Action item :: From the line containing "Fiat 500 Fiat" to the final line of the entries, copy each line exactly. Pictures stay out.

Given entries ::
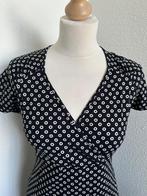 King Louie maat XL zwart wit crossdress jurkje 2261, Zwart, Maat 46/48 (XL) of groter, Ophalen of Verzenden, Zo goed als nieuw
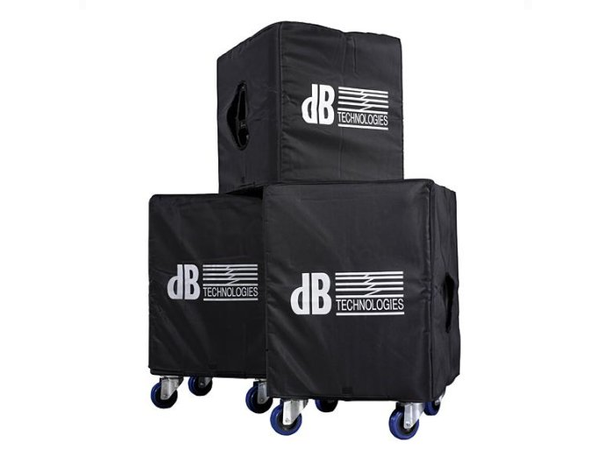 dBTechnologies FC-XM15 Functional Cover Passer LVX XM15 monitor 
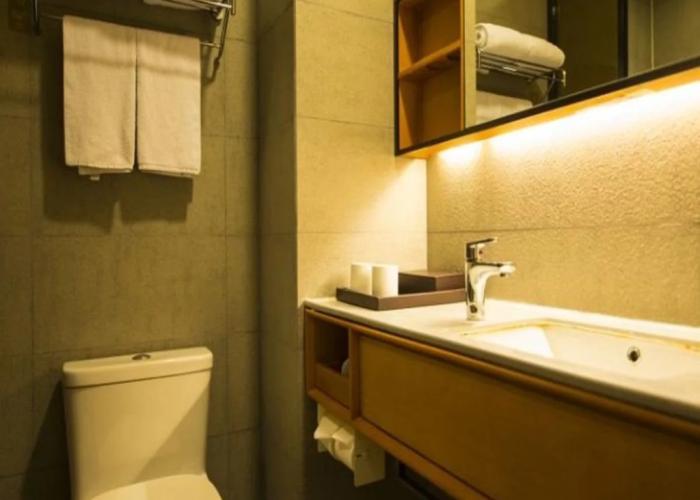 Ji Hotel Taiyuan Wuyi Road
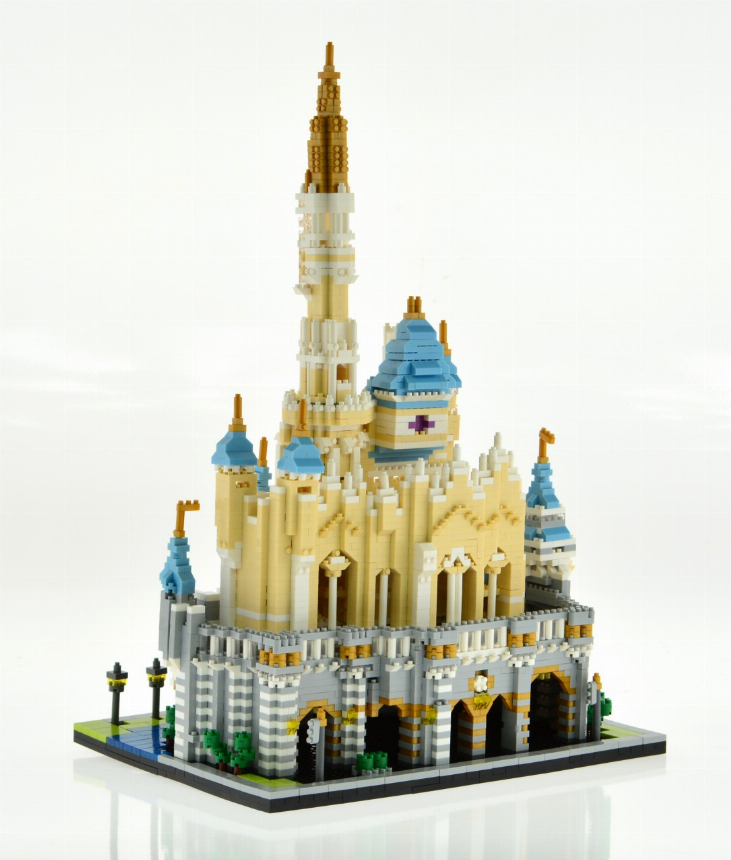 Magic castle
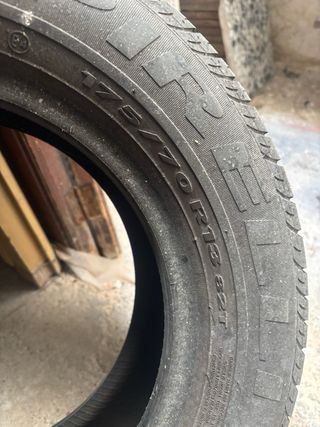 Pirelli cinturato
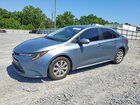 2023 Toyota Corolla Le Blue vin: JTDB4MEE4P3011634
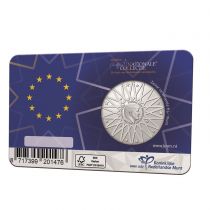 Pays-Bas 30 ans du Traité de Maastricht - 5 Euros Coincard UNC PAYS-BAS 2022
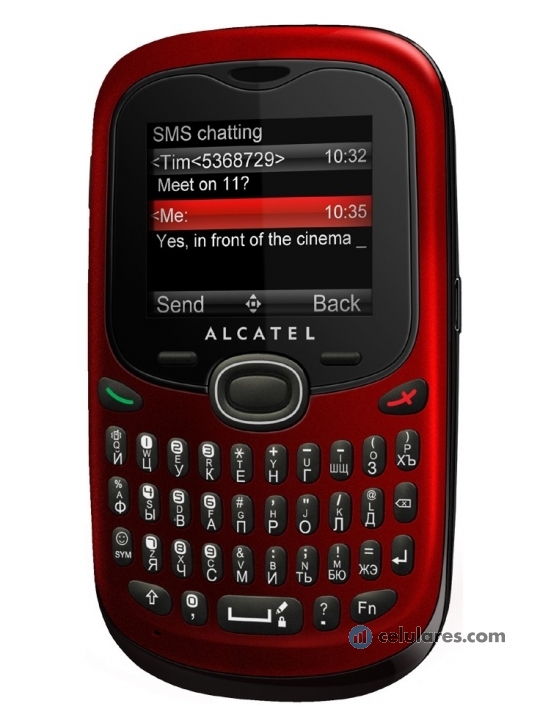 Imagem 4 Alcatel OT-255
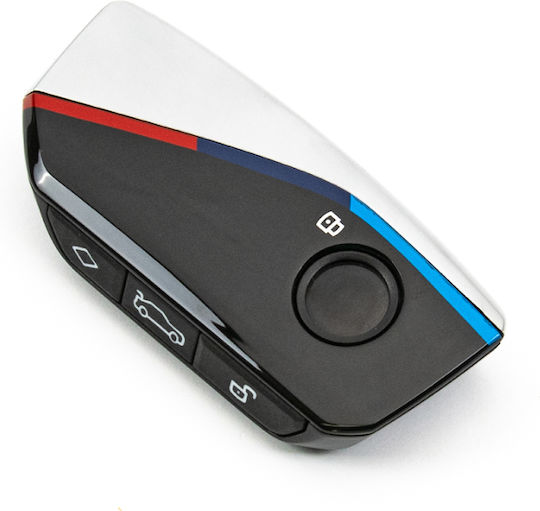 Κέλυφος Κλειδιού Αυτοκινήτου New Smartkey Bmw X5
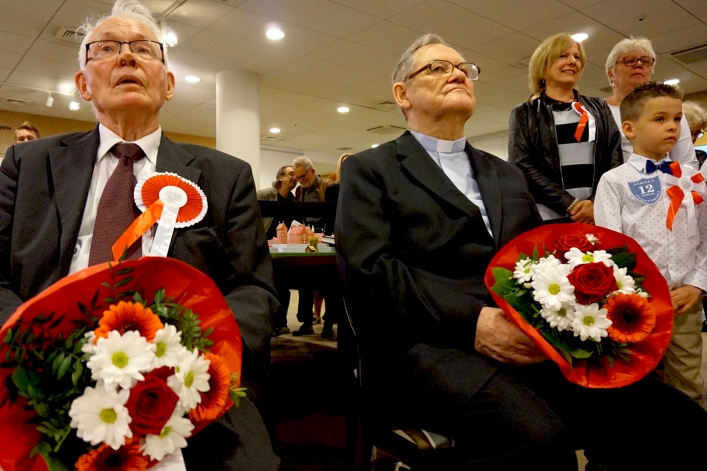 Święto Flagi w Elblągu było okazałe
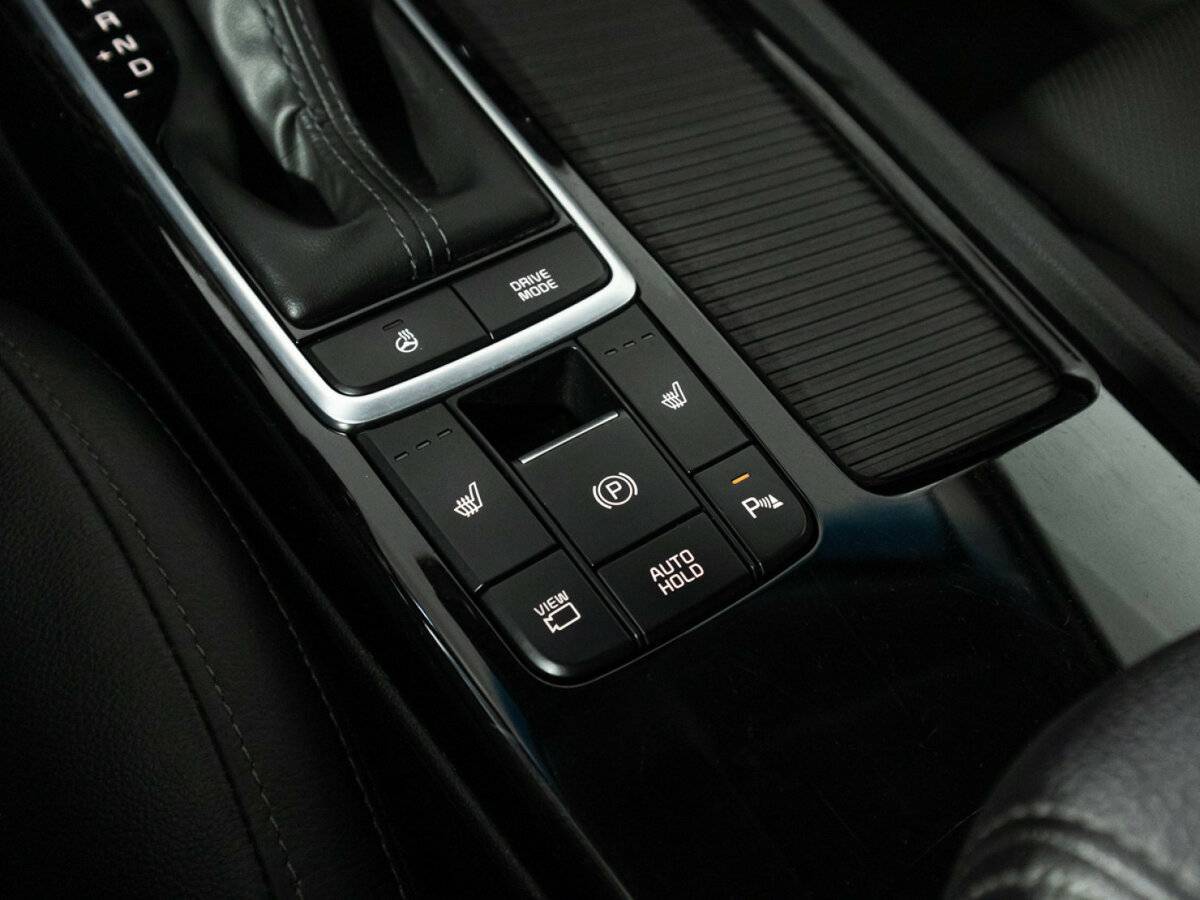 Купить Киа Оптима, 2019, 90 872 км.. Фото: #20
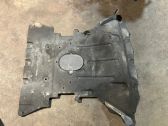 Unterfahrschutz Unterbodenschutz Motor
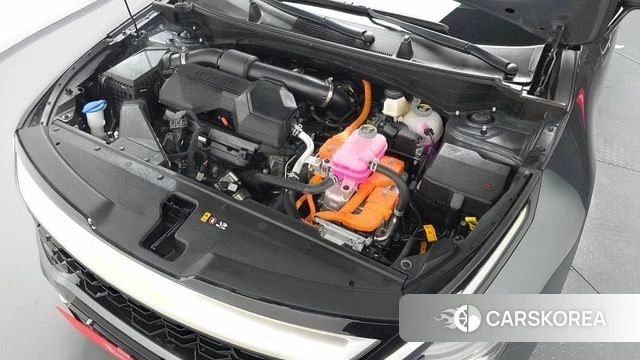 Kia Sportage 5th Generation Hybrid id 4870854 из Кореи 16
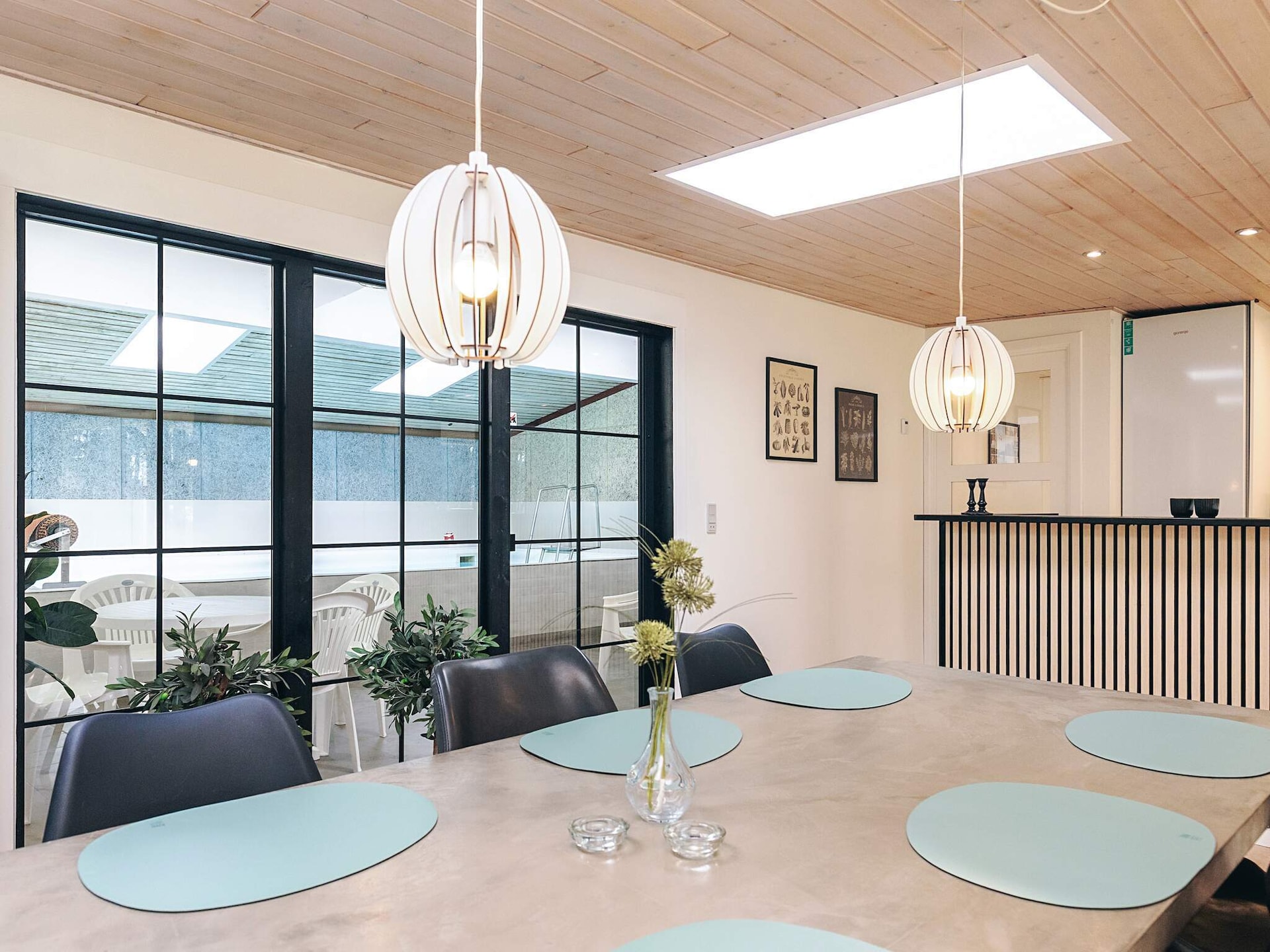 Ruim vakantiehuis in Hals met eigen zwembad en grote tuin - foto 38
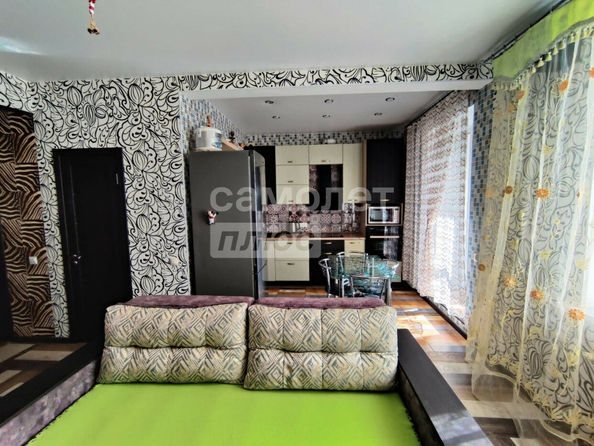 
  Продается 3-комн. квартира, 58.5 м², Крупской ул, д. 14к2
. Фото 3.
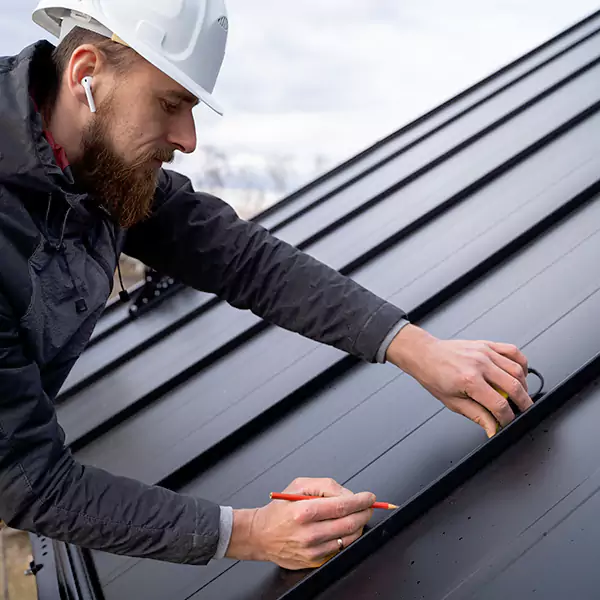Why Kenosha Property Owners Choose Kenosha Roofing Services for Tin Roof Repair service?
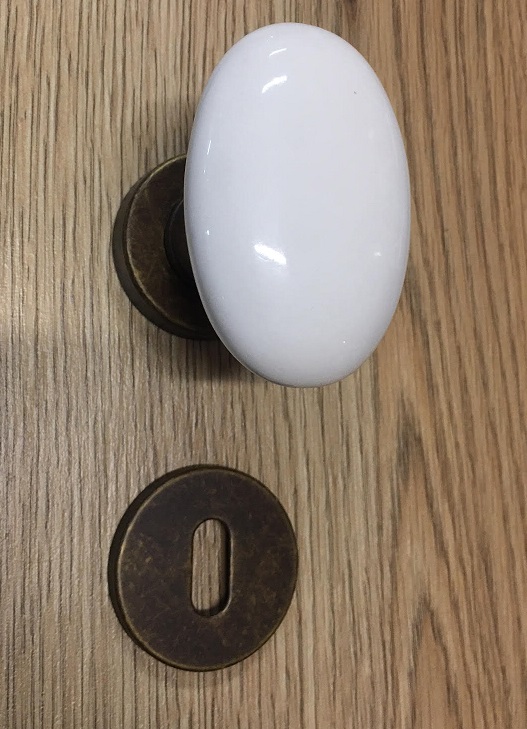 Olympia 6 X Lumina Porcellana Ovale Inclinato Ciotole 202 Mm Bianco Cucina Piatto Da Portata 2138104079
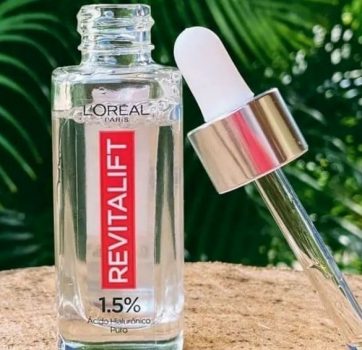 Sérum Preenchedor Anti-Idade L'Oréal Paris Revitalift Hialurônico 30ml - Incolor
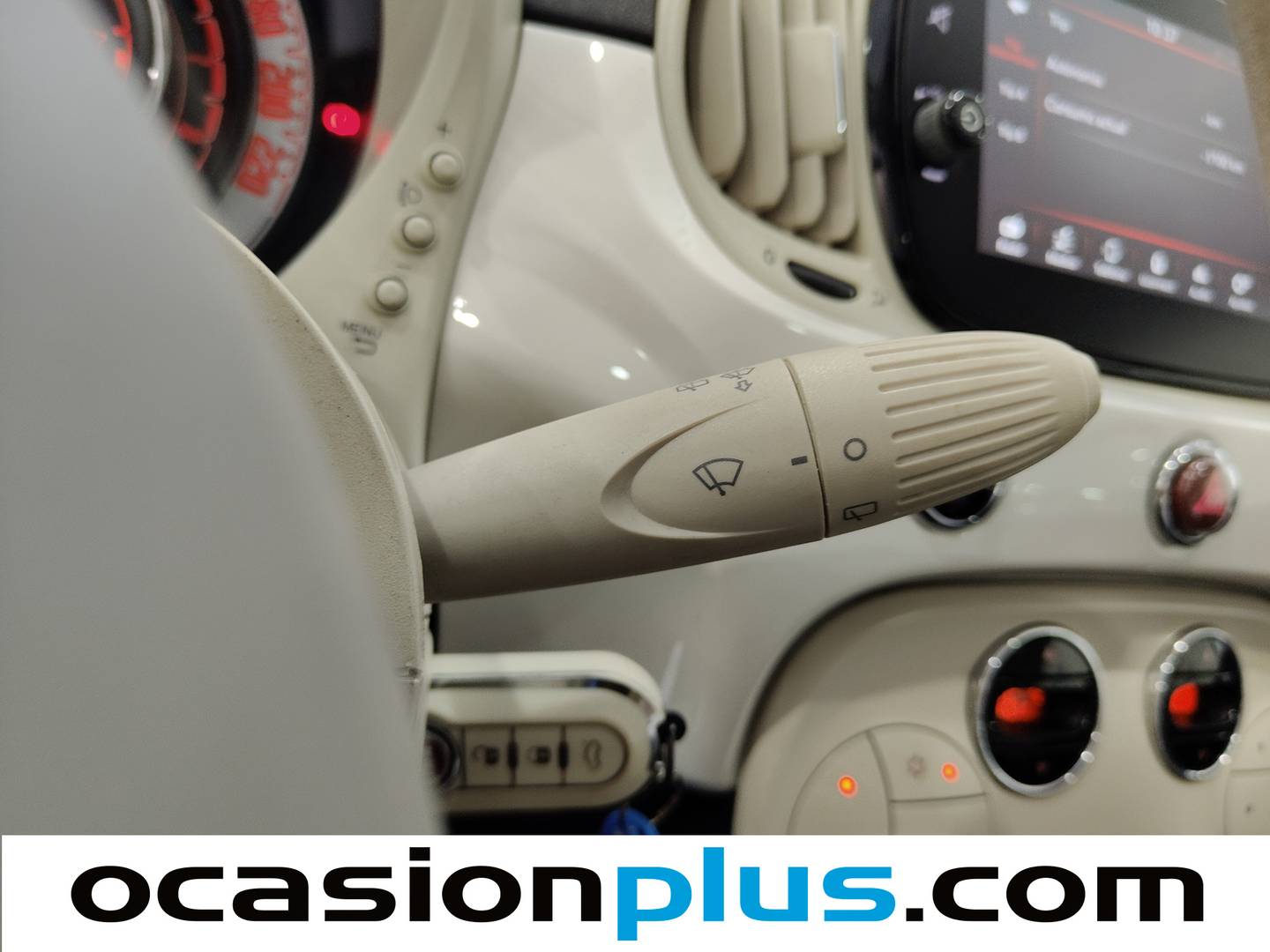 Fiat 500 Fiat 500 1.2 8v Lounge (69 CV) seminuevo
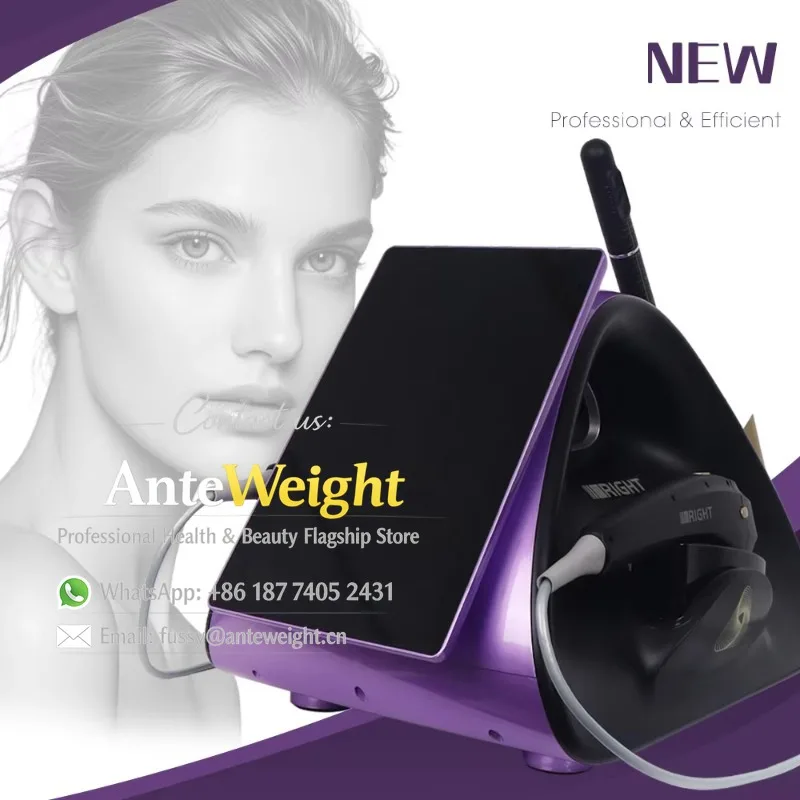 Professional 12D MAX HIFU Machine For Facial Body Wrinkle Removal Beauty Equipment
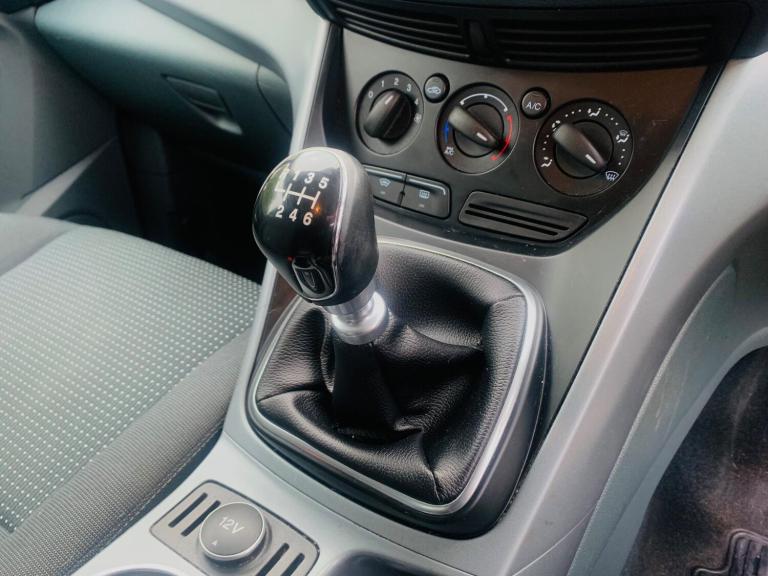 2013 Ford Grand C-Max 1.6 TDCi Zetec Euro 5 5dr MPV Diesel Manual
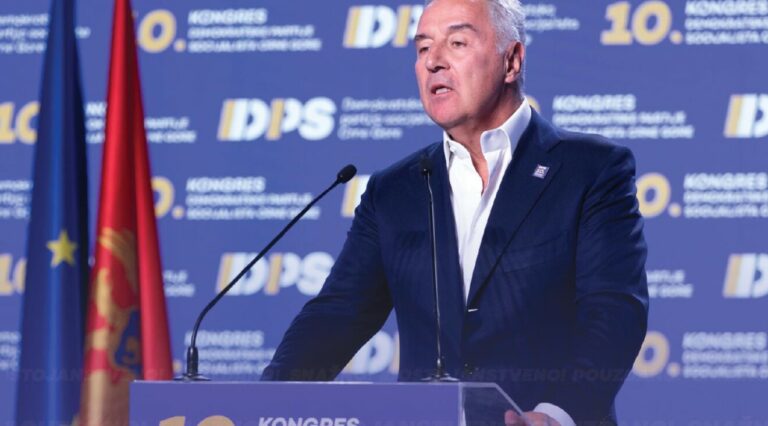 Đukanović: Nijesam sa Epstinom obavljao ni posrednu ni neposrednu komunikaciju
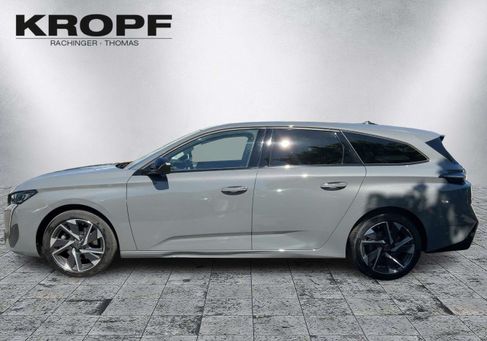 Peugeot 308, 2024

Expected answer ::
 Fiat 500 Fiat 500 1.2 8v Lounge (69 CV) seminuevo
 Professional 12D MAX HIFU Machine For Facial Body Wrinkle Removal Beauty Equipment
 2013 Ford Grand C-Max 1.6 TDCi Zetec Euro 5 5dr MPV Diesel Manual
 Đukanović: Nijesam sa Epstinom obavljao ni posrednu ni neposrednu komunikaciju
 Peugeot 308, 2024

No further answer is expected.